The study examines how a strategic aggregator offers regulation capacity for distributed energy resources such as plug‑in electric vehicles in power markets. The goal is to maximize aggregator revenue while limiting penalty risk from poor service delivery. The authors develop data‑driven, risk‑averse day‑ahead two‑stage stochastic and hour‑ahead distributionally robust chance‑constrained models, with a conic safe approximation, to handle uncertainties in DER parameters and sub‑hourly regulation signals, and validate them via numerical experiments. The resulting approach controls regulation quality according to risk aversion and, by learning parameter distributions from data, outperforms robust optimization and traditional chance‑constrained methods in accuracy and robustness cost.

Abstract

This paper studies the behavior of a strategic aggregator offering regulation capacity on behalf of a group of distributed energy resources (DERs, e.g., plug-in electric vehicles) in a power market. Our objective is to maximize the aggregator's revenue while controlling the risk of penalties due to poor service delivery. To achieve this goal, we propose data-driven risk-averse strategies to effectively handle uncertainties in: 1) the DER parameters (e.g., load demands and flexibilities) and 2) subhourly regulation signals (to the accuracy of every few seconds). We design both the day-ahead and the hour-ahead strategies. In the day-ahead model, we develop a two-stage stochastic program to roughly model the above uncertainties, which achieves computational efficiency by leveraging novel aggregate models of both DER parameters and sub-hourly regulation signals. In the hour-ahead model, we formulate a data-driven distributionally robust chance-constrained program to explicitly model the aforementioned uncertainties.

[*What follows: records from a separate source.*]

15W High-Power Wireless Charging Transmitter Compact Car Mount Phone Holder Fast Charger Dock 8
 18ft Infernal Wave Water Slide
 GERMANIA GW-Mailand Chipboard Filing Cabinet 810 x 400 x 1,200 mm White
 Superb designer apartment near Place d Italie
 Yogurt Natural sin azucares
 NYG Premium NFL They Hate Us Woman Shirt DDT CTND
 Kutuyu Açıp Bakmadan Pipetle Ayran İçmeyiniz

This program can effectively control the quality of regulation service based on the aggregator's risk aversion. Furthermore, it learns the distributions of the uncertain parameters from empirical data so that it outperforms existing techniques (e.g., robust optimization or traditional chance-constrained programming) in both modeling accuracy and cost of robustness. Finally, we derive a conic safe approximation for it which can be efficiently solved by commercial solvers. Numerical experiments are conducted to validate the proposed method.